Rory Flynn remembers falling asleep to the scratching of her father’s pen on paper. “He was always writing,” she recalls of 1930s matinee idol Errol Flynn. “He was writing his autobiography from a very early age.”

Errol’s memoir, My Wicked, Wicked Ways, hit bookstores two months after his death at age 50. It painted the Tasmanian-born actor as an even larger-than-life rogue than the swaggering characters he played on-screen. “I have been in rebellion against God and government ever since I can remember,” wrote Errol, whose rakish reputation came to overshadow his film work. “He had one of the most magnetic screen personalities that ever existed and w as a much better actor than people gave him credit for,” Thomas McNulty, author of Errol Flynn: The Life and Career, exclusively tells Closer. “The biggest misconception was that he didn’t care about what he was doing; he cared deeply.”

After a young adulthood spent between Australia and Papua New Guinea working on ships and plantations and doing odd jobs, Errol was cast opposite Olivia de Havilland in 1935’s Captain Blood. A huge hit, this swashbuckling romantic adventure made Errol, then 26, and Olivia, 19, instant stars, and their compelling onscreen chemistry would lead to an additional seven films together.

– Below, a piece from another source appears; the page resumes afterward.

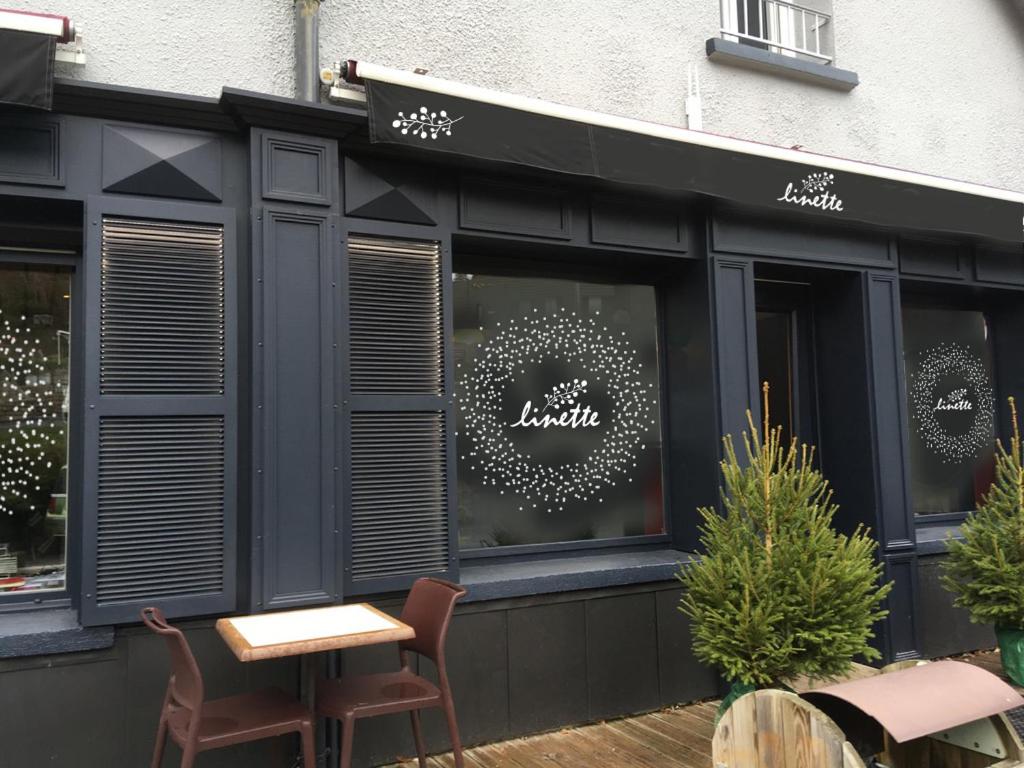 a restaurant with a table and chairs in front of a store at Hotel Linette in Aumont-Aubrac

In 2009, Olivia confessed that she found Errol charming in real life, too. “ I was very attracted to him,” she said. “But I said that nothing could happen while he was still with Lili.”

HIGH ADVENTURE

Actress Lili Damita was the first of Errol’s three wives — all of whom he cheated on. “Women would just turn up on the set and follow him around. He literally had to fight them off,” said Richard Erdman, who worked with Errol on 1945’s Objective, Burma! For many years, the actor inhabited a grand home on Mulholland Drive where he partied hard with other actors, stuntmen and hangers-on while seducing any woman who caught his fancy. “I like my whiskey old and my women young,” said Errol, who allegedly had two-way mirrors installed so that he could spy on his guests.

As his reputation as a libertine grew, the expression “In like Flynn” became a way of boasting about someone’s sexual prowess. “I think one of the things that intrigued men was that he did what he damn well pleased,” his daughter Rory explains. “Dad always did what he wanted, when he wanted. There wasn’t a man alive who didn’t envy that.”

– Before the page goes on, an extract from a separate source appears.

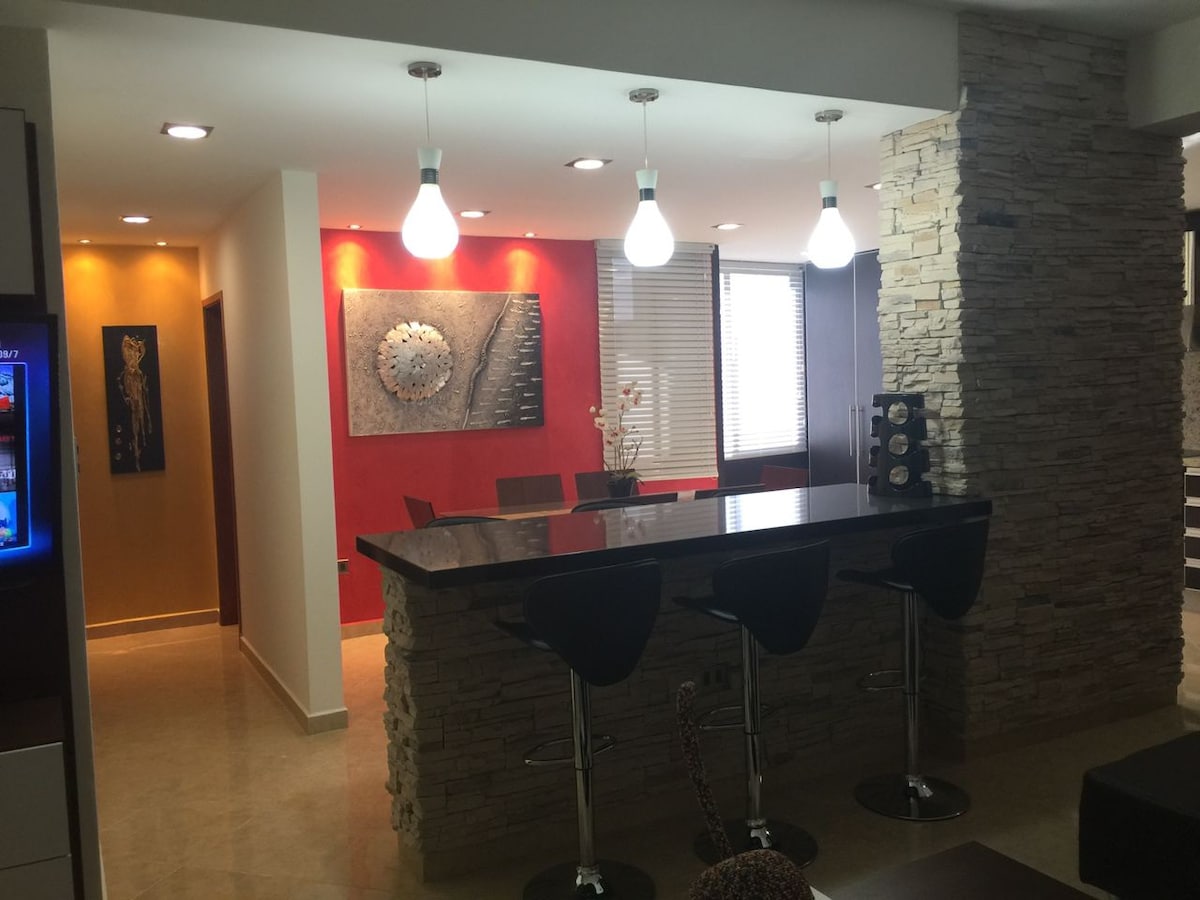 An open-concept living space features a kitchen island with three black bar stools. The area is highlighted by a mix of warm and cool wall colors, and decorative wall art enhances the ambiance. Soft lighting from pendant fixtures illuminates the room, creating a welcoming environment.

But the party came to a screeching halt in 1943 when two teenage girls accused Errol of statutory rape. The trial caused a sensation, and although he was acquitted, Errol’s public image would never recover. “The rape trial began his slow decline, personally and professionally,” says McNulty. “His personal life got out of control, and his drinking got out of control.”

Errol died of a heart attack in 1959, cutting short a well-received career renaissance as a character actor. Despite his flaws, Hollywood mourned him as one of the last outsize leading men of the Golden Age. “Maybe it wasn’t all a waste,” Errol pondered in his memoir. “Anybody who can bring a few moments of happiness to another human life certainly can’t be wasting his time in an otherwise fear-ridden and often very drab world.”